Coup de com’ ou révolution juridique ?
Si l’on en croit la plupart des articles sur le sujet, la chose serait entendue, un robot peut être PDG.
C’est oublier qu’en droit il existe une distinction entre les personnes et les choses. Or, parmi celles-ci, seules les personnes (les individus personnes physiques ou certains groupements de personnes ayant acquis la personnalité morale) sont aptes à exercer des prérogatives juridiques. Les choses, quant à elles, ne peuvent au mieux que faire l’objet d’appropriation, en tant qu’objets de droit : on exerce sur les choses des prérogatives juridiques (utiliser, exploiter, modifier, détruire, s’en séparer, etc.).
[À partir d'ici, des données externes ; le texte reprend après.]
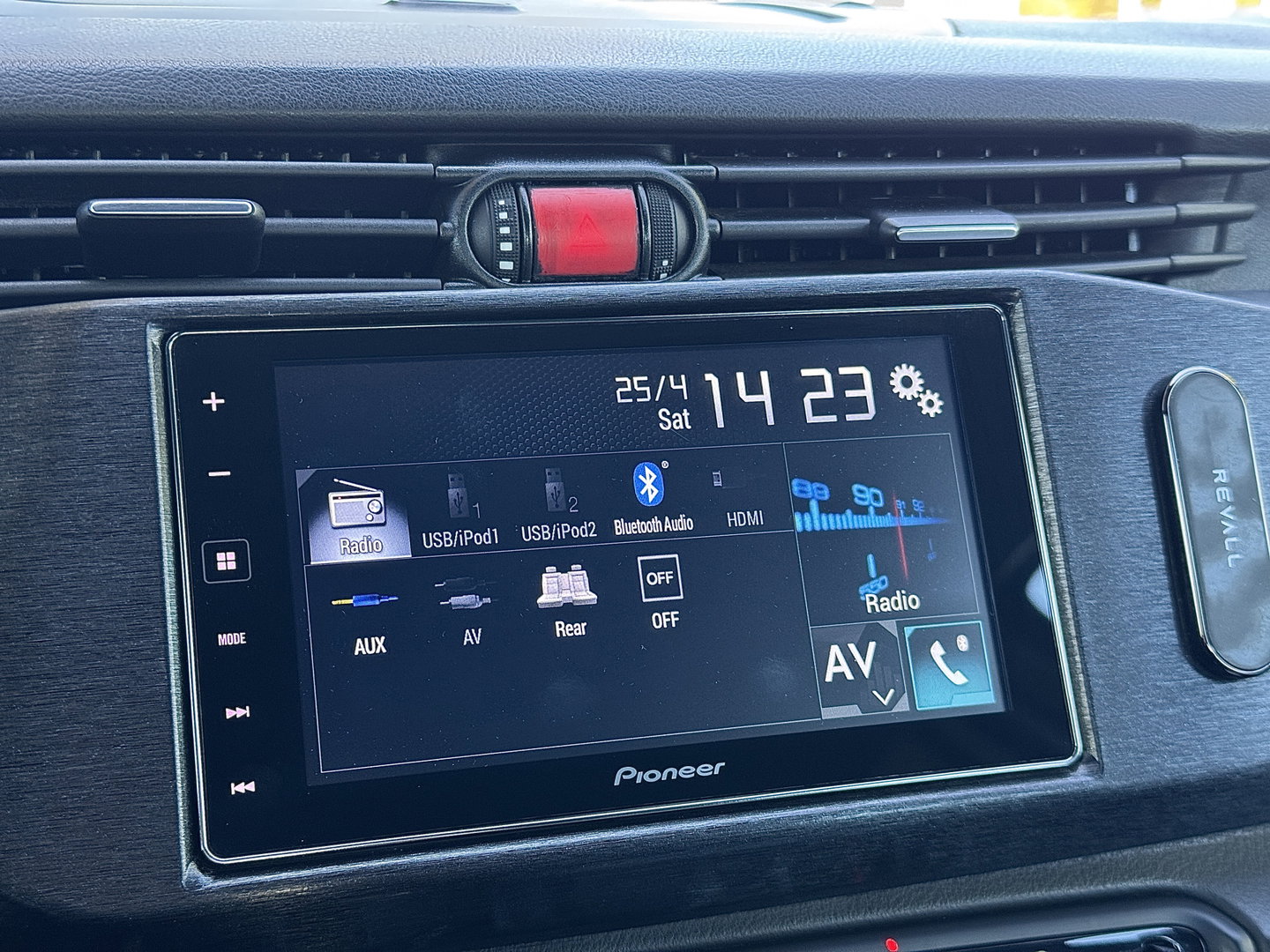 Alfa Romeo Giulietta 1.4 T Progression | Distributie vervangen bij 98912 KM | Apple Carplay | Android Auto | Cruise Control | Achteruitrijcamera | Parkeersensoren Achter | Airconditioning |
Pour l’heure, un robot et même plus exactement un programme informatique (car c’est bien de cela dont on parle, même incorporé dans un objet ayant une apparence physique), est une chose.
Même si le système juridique chinois est différent du nôtre, il est très peu probable que le droit chinois des sociétés ait été libéralisé au point de pouvoir désigner un dirigeant qui ne serait pas doté de la personnalité juridique. D’ailleurs, si l’on consulte les documents officiels et la liste des dirigeants de NetDragons, Mme Tang Yu n’apparaît nulle part…
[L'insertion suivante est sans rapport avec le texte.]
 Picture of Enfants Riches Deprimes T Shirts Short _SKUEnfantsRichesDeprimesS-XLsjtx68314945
En outre, conférer la personnalité juridique à un robot entrainerait de toutes façons des interrogations juridiques bien délicates : le robot pourrait-il être responsable de ses fautes ? Si oui, sur quel patrimoine ? Le robot pourra-t-il se déplacer devant un tribunal en cas de procès dirigé contre lui ? Devra-t-il être représenté par une personne physique ? Disposera-t-il de droits opposables à tous ? Certains ont tenté d’apporter des réponses à ces questions en réfléchissant à l’élaboration d’une « personnalité robot ». Mais de façon quasi-unanime chez les juristes aujourd’hui, il s’agissait d’une fausse bonne idée, désormais abandonnée, et c’est tant mieux.
Un outil d’aide à la décision
L’algorithme ayant été baptisé Tang Yu par la société NetDragon est donc plus certainement un simple outil d’aide à la décision, sur lequel vont s’appuyer les dirigeants pour mener leur stratégie et légitimer certaines prises de décision. D’ailleurs, si l’on lit très précisément le communiqué de presse, il est bien indiqué que Tang Yu servira de « hub de données » et d’ « outil d’analyse pour soutenir la prise de décision rationnelle dans les opérations quotidiennes, ainsi que pour permettre un système de gestion des risques plus efficaces ».
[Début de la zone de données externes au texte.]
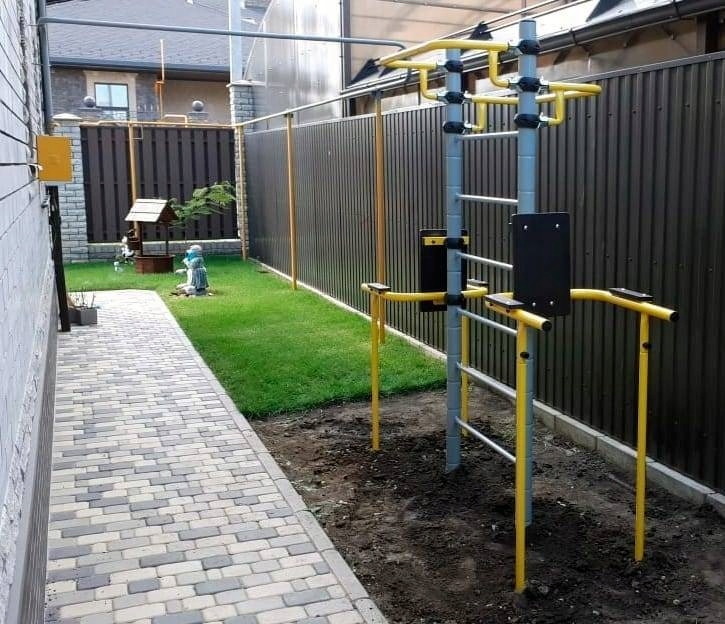 Trwała konstrukcja i odporność na korozję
Gardons donc les pieds sur terre. Les dirigeants de NetDragon n’ont pas laissé leur entreprise dans les mains d’une intelligence artificielle. Ils se sont en réalité dotés d’un logiciel pour les aider à mener leurs analyses financières, sociales, économiques et à prendre de décisions éclairées. Mais au bout du compte, ce sont bien les dirigeants qui prendront les décisions, pour lesquelles ils seront engagés juridiquement.
A ce propos, il leur conviendra d’être très vigilants dans l’utilisation de cet outil. En effet, aussi efficace soit-elle, les avis et suggestions de Tang Yu ne devront pas être suivis aveuglément par les dirigeants de NetDragon. Ils devront continuer à faire preuve de discernement et à n’appliquer que des décisions conformes à l’intérêt de la société. Dans l’hypothèse où la validation systématique des suggestions de Tang Yu devait créer un préjudice pour la société ou les investisseurs, les dirigeants pourraient voir leur responsabilité engagée, pour imprudence, négligence, faute de gestion, etc. On avait déjà un peu esquissé ces questions ici.
Une première tentative à Hong-Kong en 2014
Ce n’est pas la première fois que ce genre de dispositif est mis en place dans une entreprise à grand renfort de communication. Par exemple, une société de capital investissement appelée « Deep Knowledge Venture », basée à Hong-Kong avait prétendu en 2014 avoir nommé un robot appelé « VITAL » en qualité de membre de leur conseil d’administration ! On pouvait déjà formuler les mêmes remarques que dans les paragraphes précédents. Le projet a depuis été abandonné.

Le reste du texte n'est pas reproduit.